WORK TO BE COMPLETED
Please copy every record below exactly, but leave the pictures out.

━━━━━━━━━━

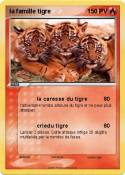 la famille tigre la famille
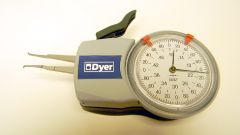 Dyer 103-101 O-Ring/Groove Gage .2 In to .6 In,  0.098 In length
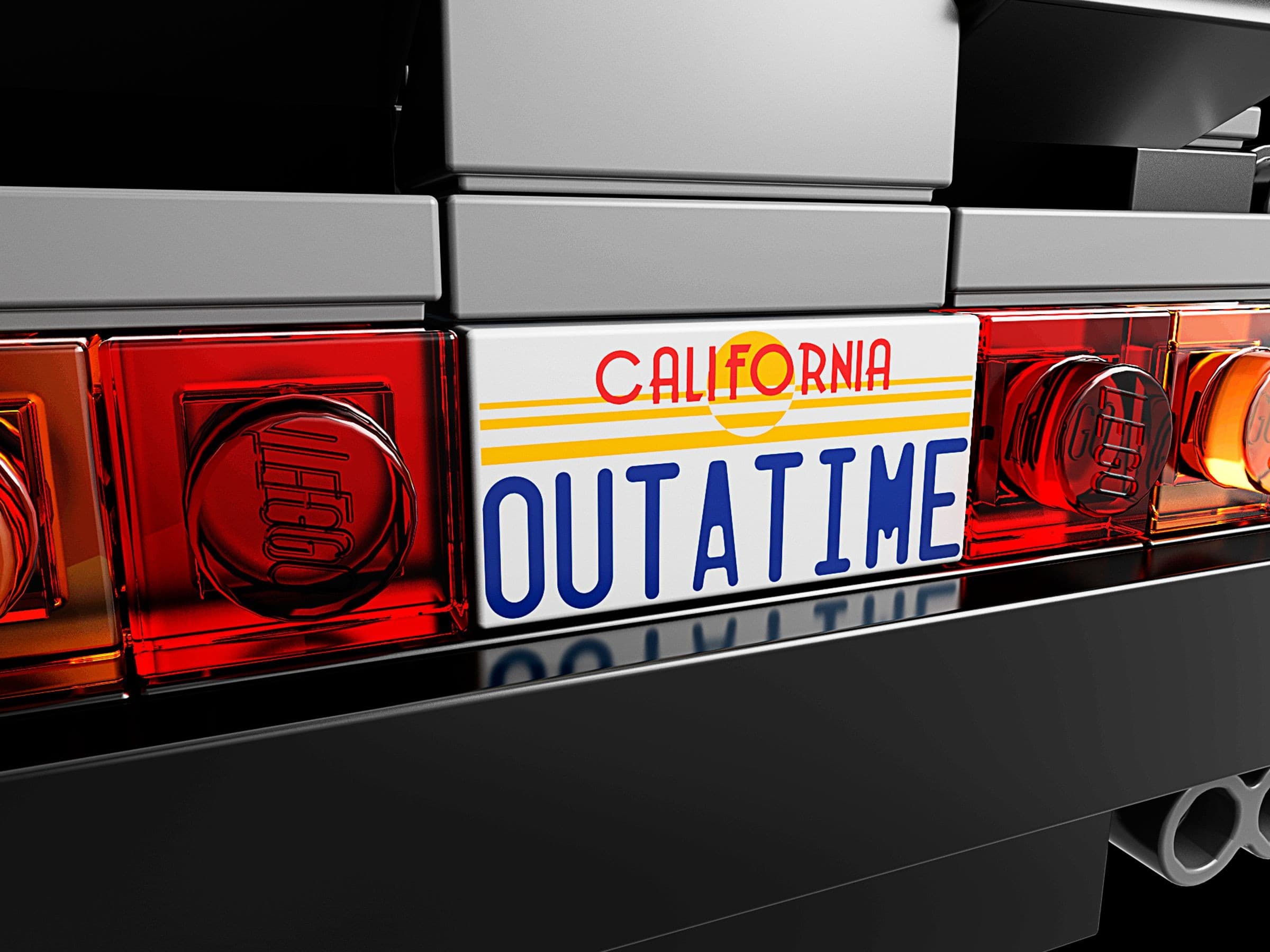 The DeLorean Time Machine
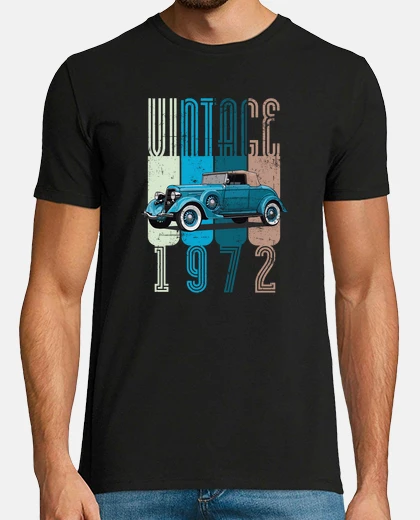 T-shirt 1972 limited edition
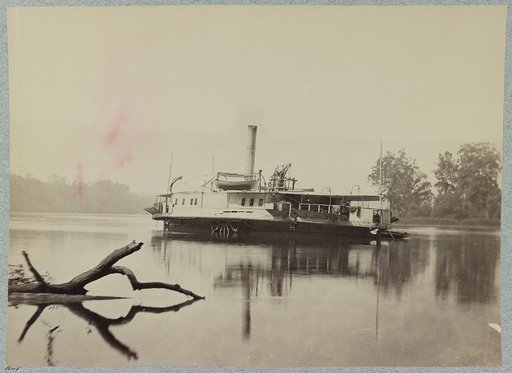U.S. gunboat Commodore Barney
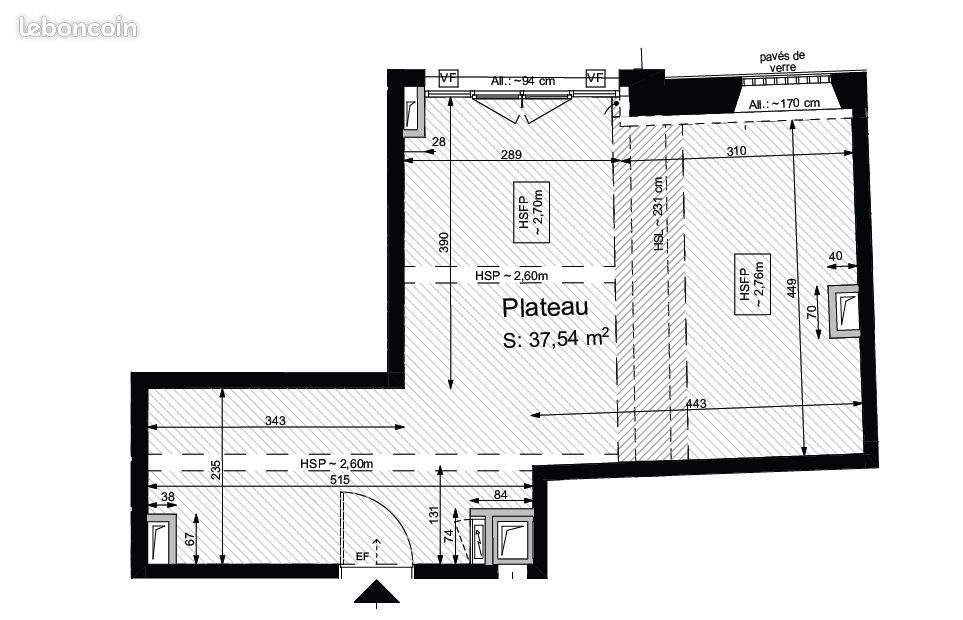 Appartement à vendre, 37m², Saint-Ouen-sur-Seine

━━━━━━━━━━

TASK ANSWER
 la famille tigre la famille
 Dyer 103-101 O-Ring/Groove Gage .2 In to .6 In,  0.098 In length
 The DeLorean Time Machine
 T-shirt 1972 limited edition
U.S. gunboat Commodore Barney
 Appartement à vendre, 37m², Saint-Ouen-sur-Seine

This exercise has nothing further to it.